An eyewitness told Human Rights Watch that shortly after 2 p.m. on January 31, plainclothes detectives forced three women who intended to demonstrate into a civilian car and drove them away. Others who walked away from the planned demonstration were followed by a police detective on a motorcycle, who demanded that they turn over their ID cards and mobile phones. When they handed over their IDs but refused to surrender their phones, the detective called for support to arrest them, and the demonstrators fled, the witness said.

One of the women detained told Human Rights Watch that police women apprehended her and took her for questioning at the Gaza City police station, where she saw five other women being held pending interrogation after attending the planned demonstration.
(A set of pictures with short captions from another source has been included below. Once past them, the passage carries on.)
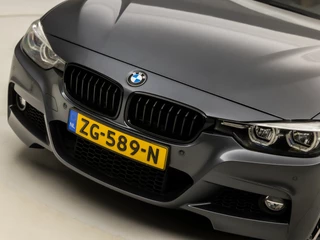 BMW 3 Serie Automaat (SCHUIFDAK, M PAKKET, HARMAN/KARDON, APPLE CARPLAY, GROOT NAVI, STOELVERWARMING, COGNAC LEDER, ELEK ACHTERKLEP, NIEUWE APK, NIEUWSTAAT) - afbeelding nr 33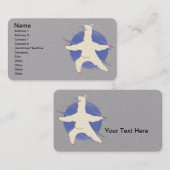 Carte De Visite Llama Yoga (Devant / Derrière)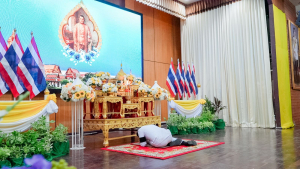 มรภ.เทพสตรี ร่วมพิธีวันที่ระลึกพระบาทสมเด็จพระนั่งเกล้าเจ้าอยู่หัว พระมหาเจษฎาราชเจ้า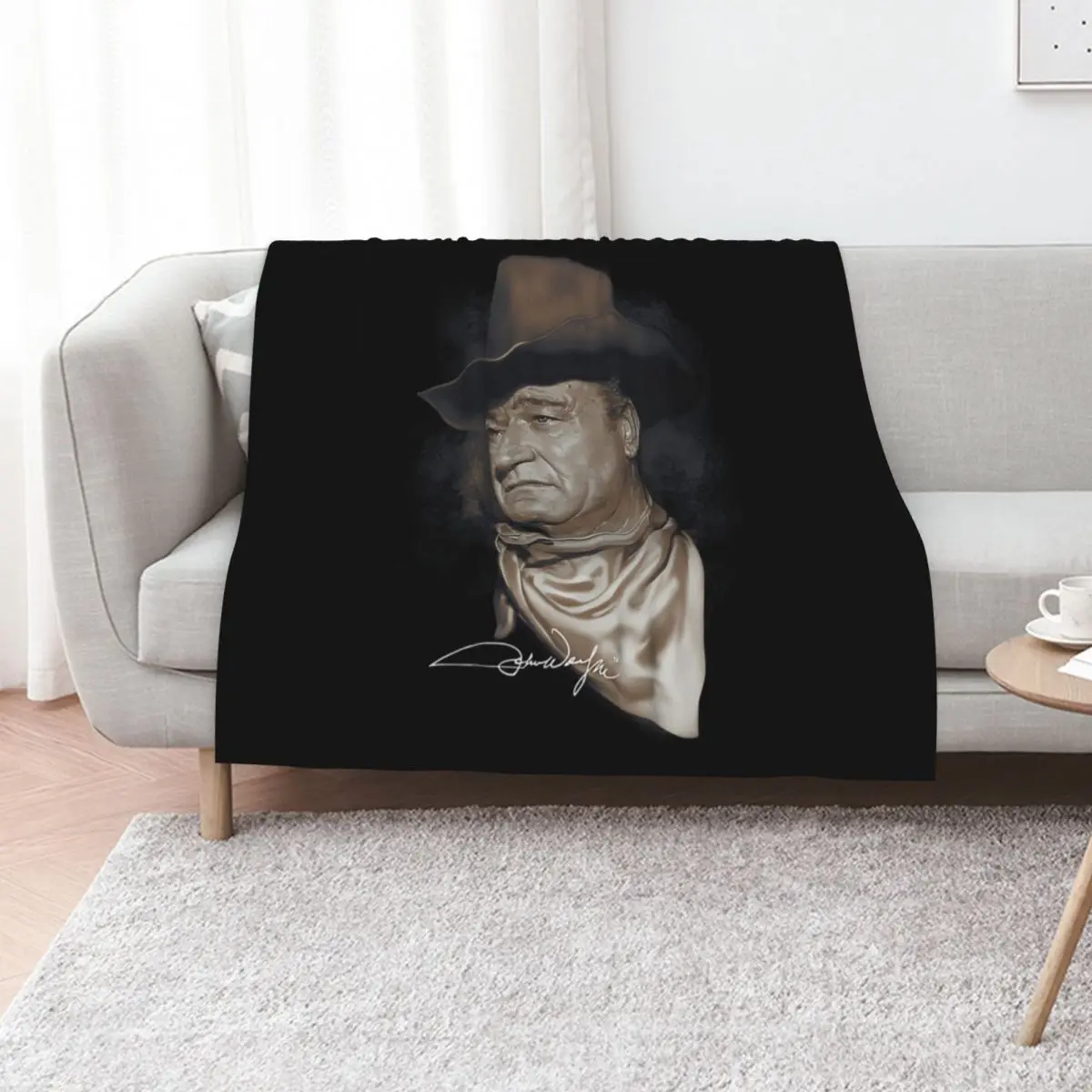 

john wayne the duke western fred oxley transparent Throw Blanket Sleeping Bag Hair Stuffeds Blankets For Sofas Blankets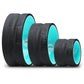 3 Pack Back Roller- Yoga Wheel for Back Pain Reliefn & Stretching, Back Wheel for Deep Tissue Massage, Foam Roller for Physical Therapy & Exercise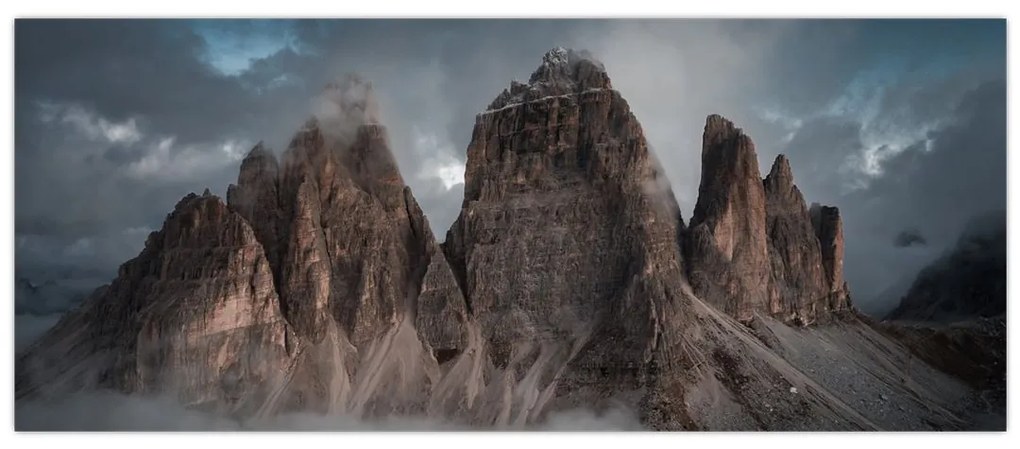 Kép - Három fogak, olasz Dolomitok (120x50 cm)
Police women told the detainees to sign pledges that they would not participate in demonstrations without first obtaining police permission and would respond to police summons at any time. Women police officers insulted demonstrators who were not wearing headscarves and questioned whether they were really Muslims, and slapped one demonstrator and pulled her hair, witnesses said. The women were later released. 

Under international human rights law, no restrictions may be placed on the exercise of the right to peaceful assembly other than those imposed in conformity with the law and which are strictly necessary and proportionate for national security, public safety, or public order.

 "The Hamas authorities should stop arbitrarily interfering with peaceful demonstrations about Egypt or anything else," said Sarah Leah Whitson, Middle East director at Human Rights Watch. "Police committing unlawful arrests and abusing demonstrators should be held to account."